Mango sticky rice is an exotic, tropical Thai dessert with glutinous rice, fresh mango and coconut milk. The rice is soaked in water overnight to soften and then cooked using a steamer. After steaming, the rice mixture is marinated in an ocean of coconut milk, allowing the coconut mixture to absorb into the rice, giving the rice a moist and full of coconut flavors.
This rich and glorious version of mango sticky rice uses black rice. I love the bold, nutty flavors of black rice in this recipe. Dark rice is naturally sweet and has tons of antioxidant and fibers. The chewy texture of black rice and the combination of coconut milk give this dish a flavorful and heavenly taste.
Why do I need to soak sticky rice before steaming?
Glutinous rice has starch and therefore requires us to soak at least 4 hours to yield better results. That’s said, it is best to soak overnight to get the fluffier rice texture.
What if I don’t have a steamer?
No worries. Just use a fine mesh colander and place over a large soup pot. Make sure the rice isn’t dripping down low on the pot and is touching the water.
This dessert requires a little extra time than most but I assure you it’ll worth it. Stock up on sticky rice and coconut milk. And when that mango sticky rice cravings hits, you’ll be enjoying this dessert in no time
Black Sticky Rice with Mango
An irresistibleThai dessert with black sticky rice, mango and coconut milk toppings. This decadent dessert is heavenly delicious and so easy to make.
For the rice mixture:
- 1 cup sticky rice (sweet rice)
- 1 cup black glutenous rice
- 1/4 teaspoon salt
- 1-2 pandan leaves (tied together into a knot) optional
- 1/4 cup warm water
- 2 tablespoons sugar
- 1 cup coconut milk
For the coconut sauce:
- 1/4 cup coconut milk
- 2 tablespoons sugar
- 1 teaspoon tapioca stach
- 1 tablespoon water
- 1 pandan leave (optional)
- 2 yellow mango (peeled, pitted, and slice)
- 1 tablespoon toasted sesame seeds
Place rice in a bowl of water. Wash until water runs clear. Cover rice with water and soak at least 4 hours, or over night.
Place pandan leaves in the steamer pot, or a large saucepan fill with water. Place rice inside the steamer basket and steam for 20-25 minutes until rice is cooked through. Occasionally check the steamer and add more water if necessarily. After 20 minutes, add 1/4 cup warm water to the rice mixture and steam for another 5 minutes, until rice is soften.

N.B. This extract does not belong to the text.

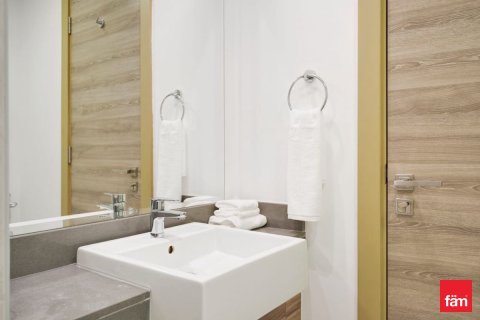 Квартира с 2 спальнями в Дубай, ОАЭ №137431 20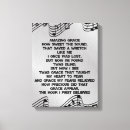 Search for amazing grace art Christian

While the rice is cooking, prepare coconut mixture for the rice. Place 1 cup of coconut milk, salt, sugar in a small saucepan over medium heat. Heat until all sugar is dissolved. Set aside.
Transfer cooked rice to a bowl and pour coconut mixture over the rice. Let rice stand until all coconut milk is absobed, about 15 minutes.
Prepare the coconut sauce: Place 1/4 cup coconut milk, pandan leave (if using) and 2 tablespoons sugar in a saucepan. Mix tapioca starch with water and add to the mixture. Stir well and tranfer to a small bowl for topping later.
To serve: place a scoopful of sticky rice onto small plates. Drizzles with coconut sauce and top off with toasted sesame seeds. Serve with mango slices. Enjoy!